# Lateness?



## MisStarrlight (Jun 30, 2007)

So I'm sitting around my house killing time.  It's 1:22 now and I am supposed to be doing a wedding today (Bride +3).  The limo is coming at 4...and I also have to be to work at 4 (meaning that I have to be done & outta there at like 3:30....so I told the bride we needed to start at 12 at the latest.  I can get away with being a little late to work, but not that much.  There was some issue w/ the hotel so she said she'd call this morning & let me know if we'd be getting her ready at home or at the hotel.  By 12 I had heard nothing so I called her-they're still at the hair dressers....and they have to go back to her house before heading to the hotel.  Ok, so even if she called me by 1:30 we still wouldn't get in & started till at least 2.  Yes, I can do 4 faces in an hour and a half, but not comfortably...but what am I going to do?  I can't leave her stranded on her wedding day.  I feel bad cause she's super sweet & has really been one of my best brides....but I'm soooo aggravated.

Ok, sorry for the rant...now to my real point....

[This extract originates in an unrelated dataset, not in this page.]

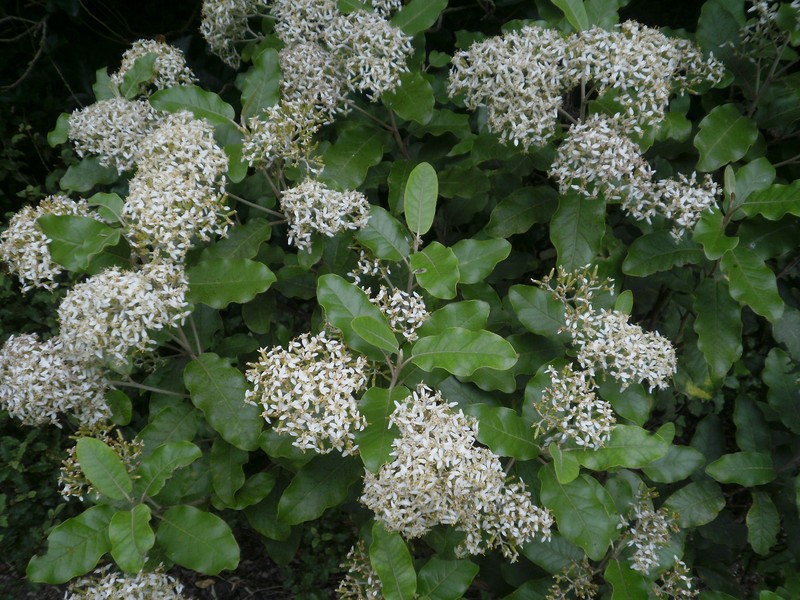 Olearia angulata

I've been on soo many jobs where people are late-models, other MUAs, stylists, etc.  I understand that things happen-traffic, waking up late, nervous breakdowns, etc, but really this is your life, or at least your career/job/passion.  I have only been late to 1 shoot in my entire life (and that was b/c I was lost & the photog was from overseas & didn't know where he was so he couldn't give me directions to get there)..usually I am at least 15 minutes early.  I don't want to be the one responsible for holding up everything (and I want to be sure that the photographer wants to work with me again) so I don't understand why everyone else feels that this is ok.


----------



## MisStarrlight (Jul 1, 2007)

So yeah, I didn't start until 3:30...time to put another clause in my contract.  Anyone got any ideas as to how to word it?


----------



## Shimmer (Jul 1, 2007)

MartyGreene may  be able to give some advice. You may try PMing her...


----------